- What is expected -
In full and exactly, reproduce the entries below, but omit the pictures.

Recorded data
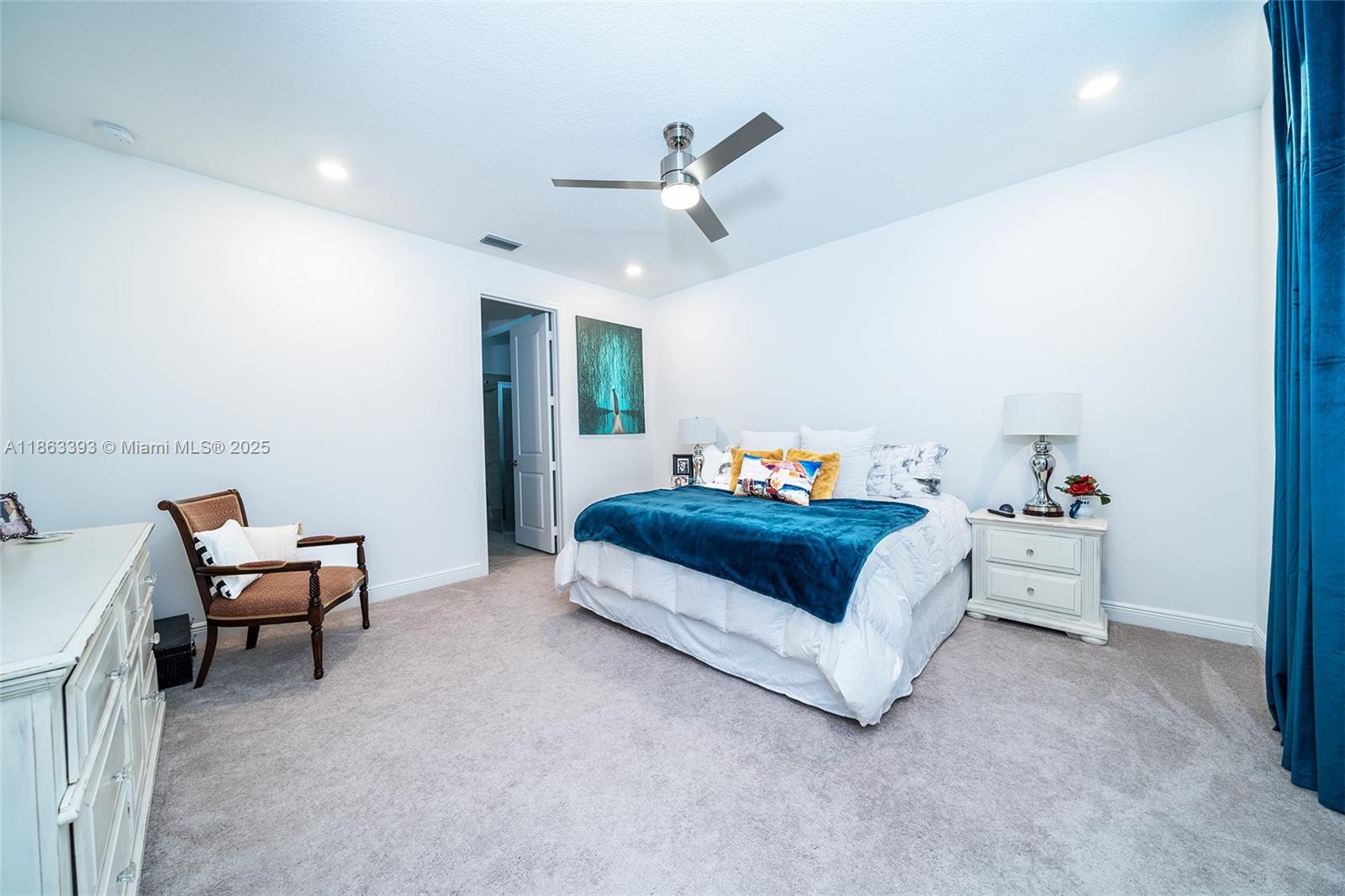 CRYSTAL LAKE 1ST SEC - Residential Lease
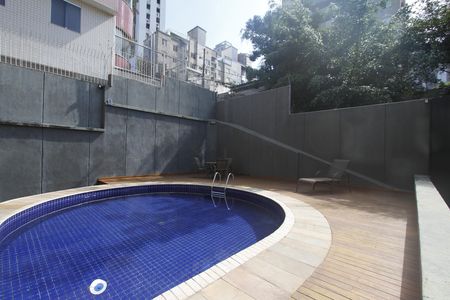 Apartamento à venda com 77m², 2 quartos e 3 vagasÁrea comum - Piscina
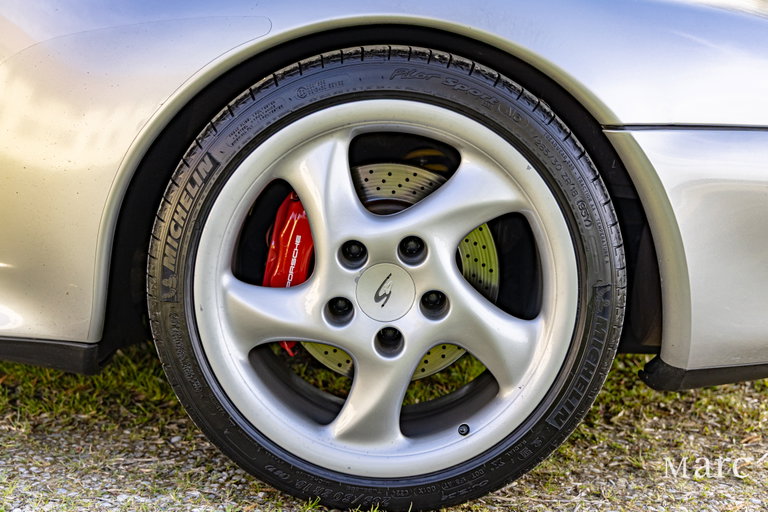 Porsche 993 Carrera 4S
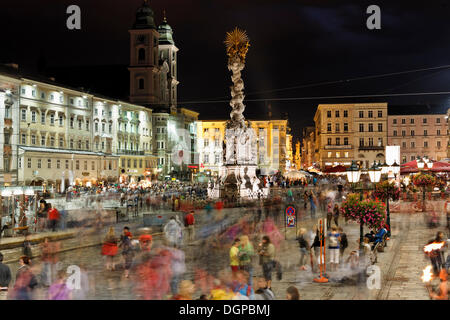 Pflasterspektakel street art festival, Hauptplatz square, Linz, Austria superiore, Austria, Europa PublicGround Foto Stock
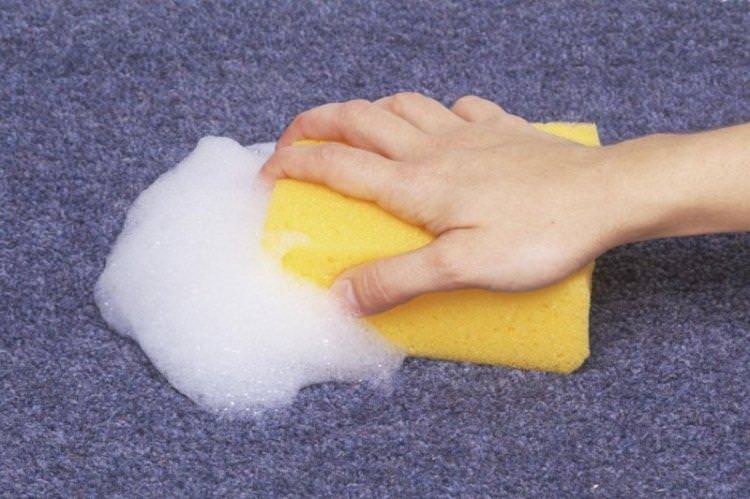 Як почистити килим мильним розчином у домашніх умовах
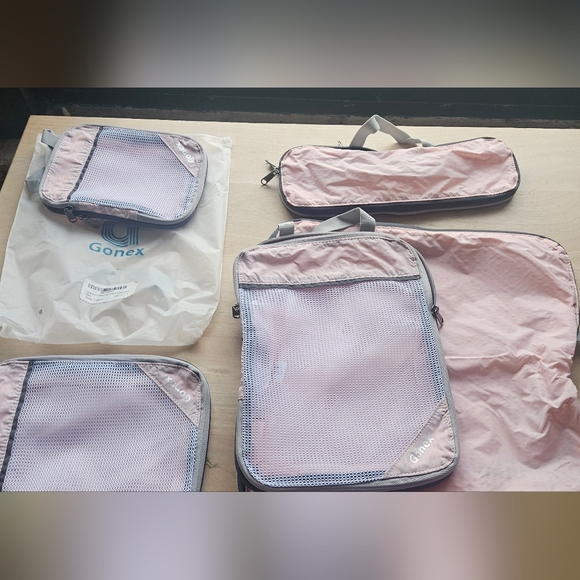 Pink Travel Packing Cubes Set - Picture 2 of 3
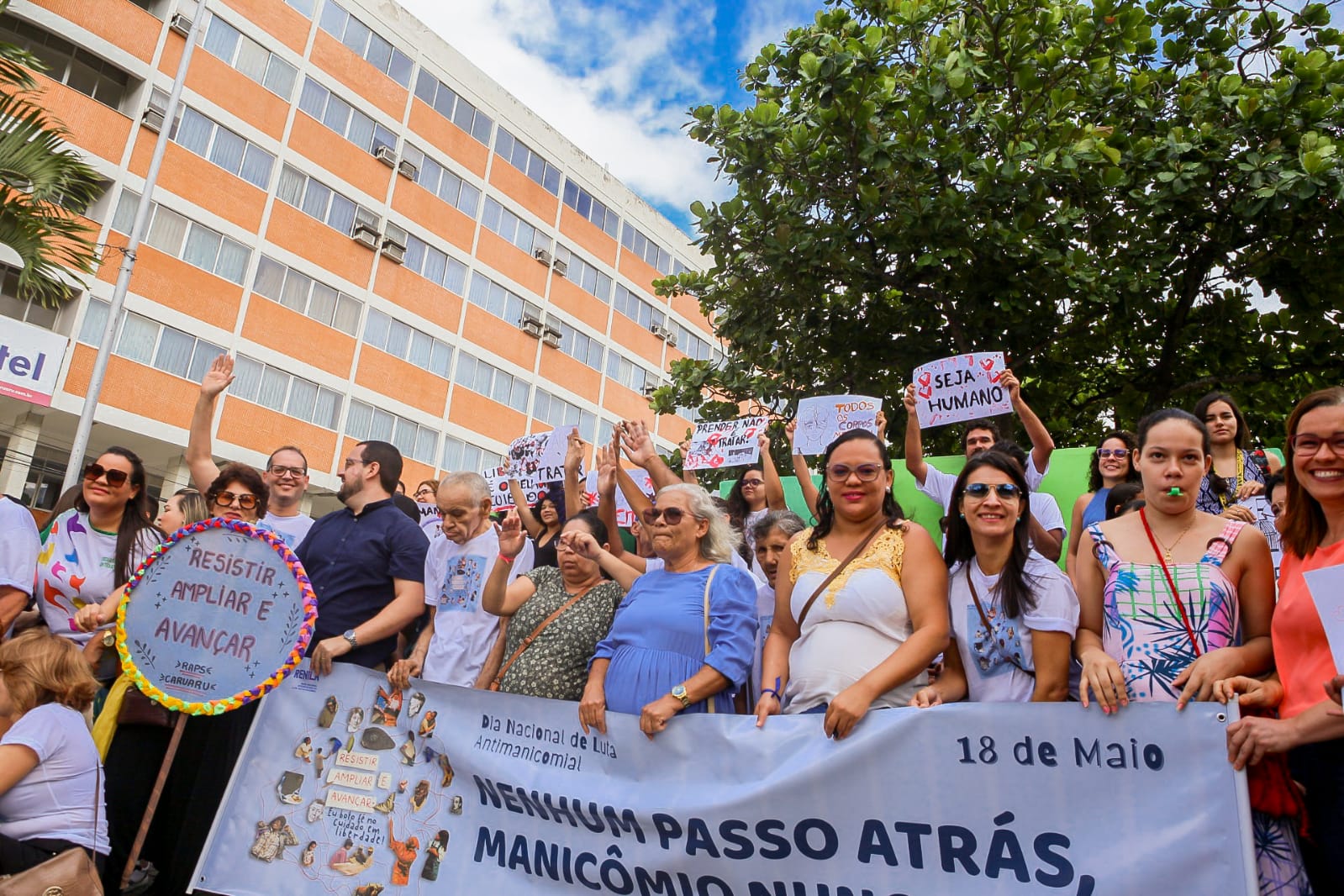 Dia Nacional de Luta Antimanicomial é lembrado com caminhada em Caruaru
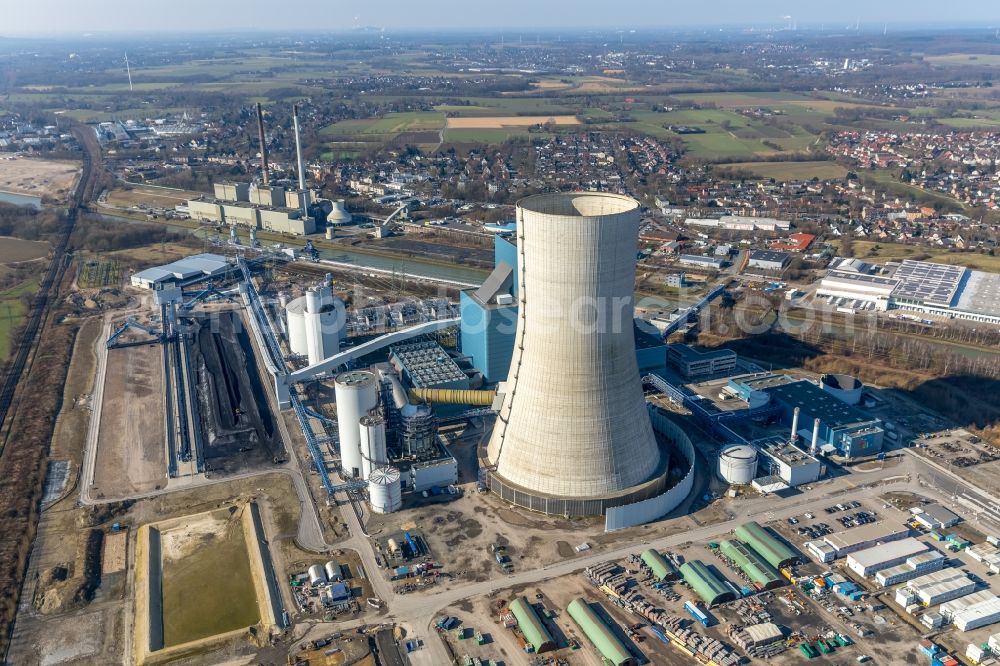 Datteln from the bird's eye view: Power plants and exhaust towers of coal thermal power station Datteln 4 Uniper Kraftwerk Im Loeringhof in Datteln in the state North Rhine-Westphalia, Germany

- Solution to this task -
 CRYSTAL LAKE 1ST SEC - Residential Lease
 Apartamento à venda com 77m², 2 quartos e 3 vagasÁrea comum - Piscina
 Porsche 993 Carrera 4S
 Pflasterspektakel street art festival, Hauptplatz square, Linz, Austria superiore, Austria, Europa PublicGround Foto Stock
 Як почистити килим мильним розчином у домашніх умовах
 Pink Travel Packing Cubes Set - Picture 2 of 3
 Dia Nacional de Luta Antimanicomial é lembrado com caminhada em Caruaru
 Datteln from the bird's eye view: Power plants and exhaust towers of coal thermal power station Datteln 4 Uniper Kraftwerk Im Loeringhof in Datteln in the state North Rhine-Westphalia, Germany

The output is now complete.